Льва поразило то, с какой легкостью гунны, не имевшие над собой общего военачальника или царя, разбили не знавших страха смерти аланов, которые причиняли римлянам немало вреда. Ведь у аланов, по словам того же Аммиана Марцеллина, счастливым "считается тот, кто умирает в бою, а те, что доживают до старости и умирают естественной смертью, преследуются у них жестокими насмешками, как выродки и трусы".

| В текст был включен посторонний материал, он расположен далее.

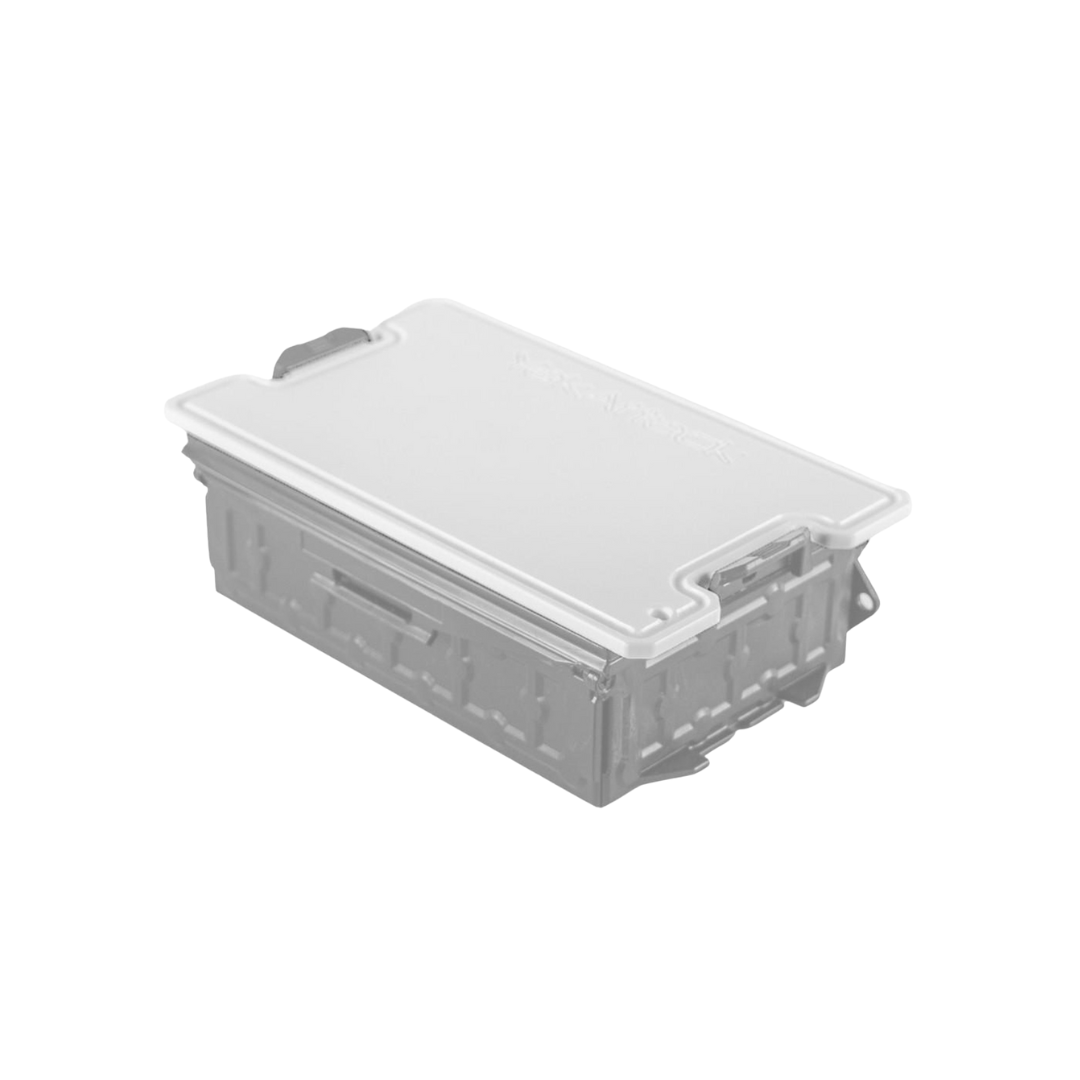 YakAttack YakAttack TracPak Cutting Board Attachment, White, 6.125" x 10.25" YakAttack TowNStow Scupper Kayak Cart - Ottawa Valley Air Paddle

Аммиан Марцеллин, умерший на рубеже IV и V столетий, первый из римских авторов рассказал о гуннах. Тогда соотечественники с интересом и удовольствием послушали рассказы историка о страшном народе и… благополучно забыли все ужасы. Впоследствии они будут сталкиваться с гуннами, и римляне действительно признают кочевников прекрасными воинами, но бояться их не будут. Гуннские отряды с удовольствием нанимали на службу римские военачальники. Особенно часто ими пользовался Флавий Аэций, сумевший подружиться с многими вождями воинственного народа.

Теперь же от рук гуннов гибли римляне. Утопала в крови Восточная Римская империя, но для Льва не существовало разницы и границ: страдали братья-христиане. Вслед за первыми беглецами в Рим пошли известия, одно печальнее другого: войско восточных римлян разбито и погиб военачальник, Фракия превращена в пустыню, гунны вышли к Мраморному морю…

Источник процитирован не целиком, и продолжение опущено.